On raconte qu’un des palets jetés par Gargantua a atterri du côté des marais. Mais où? On ne le voit pas! S’est-il enfoncé dans le sol? L’a-t-on utilisé dans la construction d’une maison? Un collectionneur l’a-t-il volé ? C’est ce palet-là, en tous cas, qui a donné son nom à la rue « du Galet de Gargantua », dans la zone artisanale.

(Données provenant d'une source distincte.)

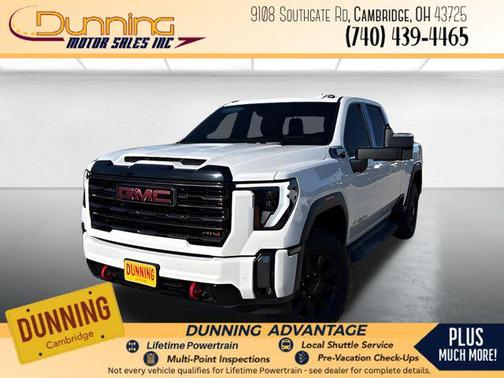 2024 GMC Sierra 2500 AT4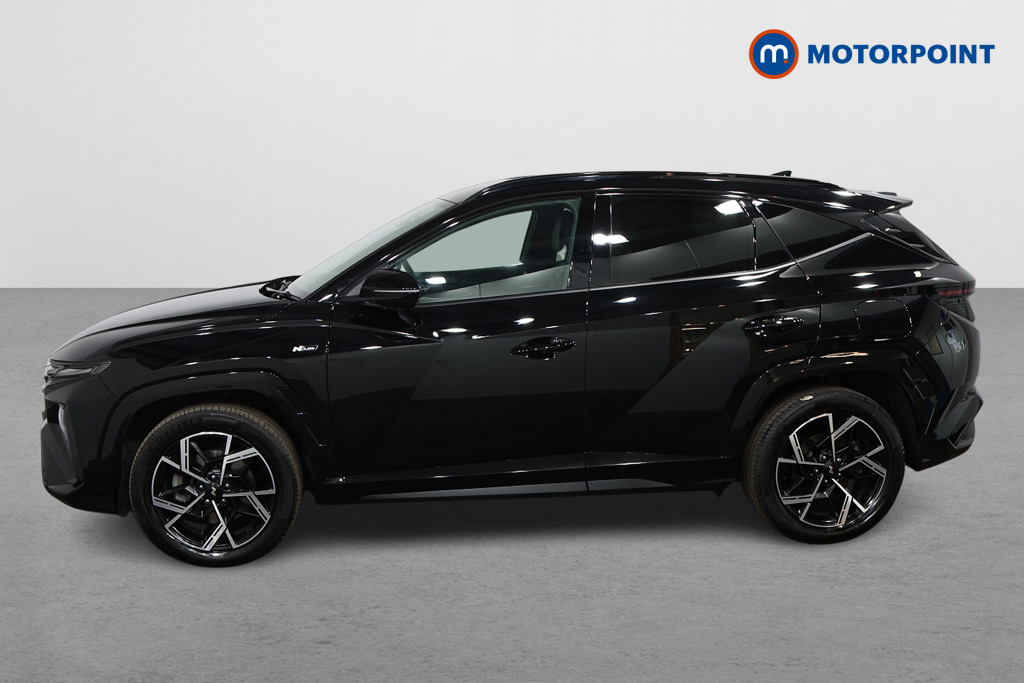 Hyundai Tucson N Line Manual Petrol SUV - Stock Number (1547644) - Passenger side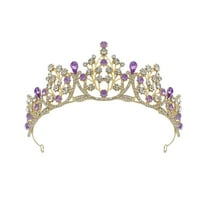 Princess for Women & Girls - Sparkling Rhinestone for Weddings, Birthdays, Prom & Pageants, Royal Bridal Hair Accessories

Gargantua avait de la suite dans les idées. Il a réparé la bretelle de sa hotte. Il a à nouveau rempli la hotte de pierres et de cailloux et l’a portée à Genève. Deux de ses gros cailloux sont restés dans la rade, bien visibles encore actuellement. On les appelle « les pierres du Niton ». Ces pierres servent aux scientifiques de point de départ pour mesurer, en Suisse, l’altitude au-dessus du niveau de la mer. Elles sont utiles. Gargantua avait raison de jouer aux palets.

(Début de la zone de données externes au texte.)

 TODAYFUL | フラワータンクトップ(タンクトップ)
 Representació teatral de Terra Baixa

Il est probable que Gargantua a construit son gué en aval de Genève, non pas sur le lac, mais sur le Rhône. C’était l’époque, il y a longtemps-longtemps, où le Rhône se perdait. Voui! Il se perdait, se promenait sous terre, puis réapparaissait au grand jour quand ça lui chantait. Comme tous les fleuves, il n’en faisait qu’à sa tête! Depuis la construction du barrage de Génissiat, le niveau de l’eau du Rhône a monté-monté. Maintenant on ne voit plus les endroits où le Rhône disparaissait sous terre, quand il était libre et qu’il pouvait jouer à cache-cache avec les géants…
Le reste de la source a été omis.